Below is a block of entries; repeat exactly the lines starting at the line that contains "Kahverengi Batik Desenli" and ending at the line that contains "Hébergement de vacances", both included.
"""
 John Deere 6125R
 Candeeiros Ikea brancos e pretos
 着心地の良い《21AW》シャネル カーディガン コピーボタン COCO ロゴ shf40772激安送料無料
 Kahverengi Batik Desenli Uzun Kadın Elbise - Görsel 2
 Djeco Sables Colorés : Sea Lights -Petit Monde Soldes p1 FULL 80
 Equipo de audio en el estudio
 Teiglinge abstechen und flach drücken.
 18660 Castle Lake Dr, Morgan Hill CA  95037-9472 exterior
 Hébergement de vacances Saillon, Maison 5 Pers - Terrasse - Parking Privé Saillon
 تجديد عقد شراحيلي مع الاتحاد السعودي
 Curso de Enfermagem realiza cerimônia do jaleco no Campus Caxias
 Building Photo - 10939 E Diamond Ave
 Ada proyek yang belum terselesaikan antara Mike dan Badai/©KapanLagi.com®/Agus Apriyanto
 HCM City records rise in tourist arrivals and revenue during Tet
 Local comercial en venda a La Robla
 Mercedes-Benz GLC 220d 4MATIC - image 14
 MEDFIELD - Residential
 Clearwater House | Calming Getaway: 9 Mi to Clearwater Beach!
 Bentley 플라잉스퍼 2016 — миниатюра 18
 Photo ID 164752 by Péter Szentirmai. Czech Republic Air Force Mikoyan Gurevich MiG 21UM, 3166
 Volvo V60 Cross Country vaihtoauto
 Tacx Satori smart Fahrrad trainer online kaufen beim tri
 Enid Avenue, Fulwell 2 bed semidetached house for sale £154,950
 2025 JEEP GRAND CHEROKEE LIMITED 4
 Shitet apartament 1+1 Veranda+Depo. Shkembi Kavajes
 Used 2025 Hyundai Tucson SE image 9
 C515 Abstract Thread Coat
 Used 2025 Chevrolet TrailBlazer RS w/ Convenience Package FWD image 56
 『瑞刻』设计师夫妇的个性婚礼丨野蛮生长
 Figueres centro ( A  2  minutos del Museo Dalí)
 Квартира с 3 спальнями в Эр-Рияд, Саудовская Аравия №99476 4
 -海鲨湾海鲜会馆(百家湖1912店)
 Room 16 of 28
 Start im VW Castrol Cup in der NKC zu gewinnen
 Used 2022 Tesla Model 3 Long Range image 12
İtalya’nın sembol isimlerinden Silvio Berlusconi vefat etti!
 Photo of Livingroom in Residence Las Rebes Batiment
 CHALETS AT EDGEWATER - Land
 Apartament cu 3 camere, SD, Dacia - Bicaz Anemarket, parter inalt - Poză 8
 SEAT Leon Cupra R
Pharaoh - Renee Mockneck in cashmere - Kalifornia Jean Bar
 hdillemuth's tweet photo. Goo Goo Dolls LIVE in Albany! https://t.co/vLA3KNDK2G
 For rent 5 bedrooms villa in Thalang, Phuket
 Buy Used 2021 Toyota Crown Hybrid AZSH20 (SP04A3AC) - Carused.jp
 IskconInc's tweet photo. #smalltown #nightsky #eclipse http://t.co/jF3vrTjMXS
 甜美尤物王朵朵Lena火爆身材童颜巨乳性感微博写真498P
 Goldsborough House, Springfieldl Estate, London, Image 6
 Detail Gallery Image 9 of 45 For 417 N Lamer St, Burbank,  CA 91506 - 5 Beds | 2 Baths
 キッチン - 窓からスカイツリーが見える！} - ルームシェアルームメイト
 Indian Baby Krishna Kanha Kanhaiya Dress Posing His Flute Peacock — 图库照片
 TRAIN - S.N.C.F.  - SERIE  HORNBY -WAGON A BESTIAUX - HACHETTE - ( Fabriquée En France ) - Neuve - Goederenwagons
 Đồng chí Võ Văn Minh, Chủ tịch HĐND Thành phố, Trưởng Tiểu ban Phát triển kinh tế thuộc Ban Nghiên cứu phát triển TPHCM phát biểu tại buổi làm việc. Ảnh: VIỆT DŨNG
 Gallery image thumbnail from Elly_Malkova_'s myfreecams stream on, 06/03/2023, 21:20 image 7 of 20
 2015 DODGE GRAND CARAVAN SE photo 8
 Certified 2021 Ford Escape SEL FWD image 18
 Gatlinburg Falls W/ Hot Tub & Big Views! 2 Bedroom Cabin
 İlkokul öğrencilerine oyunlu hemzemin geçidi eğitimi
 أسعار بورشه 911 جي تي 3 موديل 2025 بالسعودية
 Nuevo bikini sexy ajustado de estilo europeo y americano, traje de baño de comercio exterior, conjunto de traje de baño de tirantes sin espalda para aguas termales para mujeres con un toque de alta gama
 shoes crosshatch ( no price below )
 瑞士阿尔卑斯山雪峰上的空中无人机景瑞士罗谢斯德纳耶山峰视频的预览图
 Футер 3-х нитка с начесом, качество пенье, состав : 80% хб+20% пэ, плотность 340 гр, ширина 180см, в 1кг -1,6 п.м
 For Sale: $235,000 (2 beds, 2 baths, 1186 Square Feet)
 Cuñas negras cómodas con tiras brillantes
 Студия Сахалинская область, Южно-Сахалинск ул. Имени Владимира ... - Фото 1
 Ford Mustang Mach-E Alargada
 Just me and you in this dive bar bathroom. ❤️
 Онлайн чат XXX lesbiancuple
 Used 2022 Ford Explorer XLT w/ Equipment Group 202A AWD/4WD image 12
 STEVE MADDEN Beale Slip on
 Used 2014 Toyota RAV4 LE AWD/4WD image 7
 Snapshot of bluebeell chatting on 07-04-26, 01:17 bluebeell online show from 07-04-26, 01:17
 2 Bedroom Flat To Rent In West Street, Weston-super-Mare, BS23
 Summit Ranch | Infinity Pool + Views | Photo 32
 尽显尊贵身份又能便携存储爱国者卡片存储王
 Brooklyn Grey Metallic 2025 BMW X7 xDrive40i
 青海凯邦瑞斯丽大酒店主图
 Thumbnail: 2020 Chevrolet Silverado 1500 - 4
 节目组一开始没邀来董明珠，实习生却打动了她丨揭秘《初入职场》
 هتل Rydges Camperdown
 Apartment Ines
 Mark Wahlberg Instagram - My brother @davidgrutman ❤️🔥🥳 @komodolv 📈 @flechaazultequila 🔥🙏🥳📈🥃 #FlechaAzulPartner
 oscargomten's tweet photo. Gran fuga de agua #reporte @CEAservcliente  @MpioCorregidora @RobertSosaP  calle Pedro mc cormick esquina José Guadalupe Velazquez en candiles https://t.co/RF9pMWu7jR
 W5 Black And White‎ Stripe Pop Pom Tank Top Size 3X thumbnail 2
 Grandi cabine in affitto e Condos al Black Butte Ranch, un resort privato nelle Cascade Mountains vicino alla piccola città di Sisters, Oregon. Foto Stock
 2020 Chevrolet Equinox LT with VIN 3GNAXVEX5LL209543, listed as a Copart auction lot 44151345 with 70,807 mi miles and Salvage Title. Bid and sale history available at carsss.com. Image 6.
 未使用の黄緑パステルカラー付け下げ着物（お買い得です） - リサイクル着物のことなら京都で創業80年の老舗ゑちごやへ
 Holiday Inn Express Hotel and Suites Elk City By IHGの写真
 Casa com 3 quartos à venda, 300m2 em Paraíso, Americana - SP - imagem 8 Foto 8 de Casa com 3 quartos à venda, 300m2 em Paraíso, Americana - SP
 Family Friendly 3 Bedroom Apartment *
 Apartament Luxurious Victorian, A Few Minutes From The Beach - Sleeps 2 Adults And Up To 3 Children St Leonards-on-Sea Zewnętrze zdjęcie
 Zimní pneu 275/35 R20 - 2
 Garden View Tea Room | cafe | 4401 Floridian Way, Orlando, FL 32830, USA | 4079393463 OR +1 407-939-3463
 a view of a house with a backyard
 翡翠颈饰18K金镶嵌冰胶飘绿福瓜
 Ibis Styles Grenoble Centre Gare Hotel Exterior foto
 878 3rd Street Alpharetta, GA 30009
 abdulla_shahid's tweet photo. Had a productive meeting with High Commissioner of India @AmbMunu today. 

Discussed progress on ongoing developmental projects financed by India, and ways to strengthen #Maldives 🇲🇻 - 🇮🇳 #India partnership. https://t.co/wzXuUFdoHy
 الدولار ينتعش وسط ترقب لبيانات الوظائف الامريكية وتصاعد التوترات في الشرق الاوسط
"""
■ **Result of the exercise**:
 Kahverengi Batik Desenli Uzun Kadın Elbise - Görsel 2
 Djeco Sables Colorés : Sea Lights -Petit Monde Soldes p1 FULL 80
 Equipo de audio en el estudio
 Teiglinge abstechen und flach drücken.
 18660 Castle Lake Dr, Morgan Hill CA  95037-9472 exterior
 Hébergement de vacances Saillon, Maison 5 Pers - Terrasse - Parking Privé Saillon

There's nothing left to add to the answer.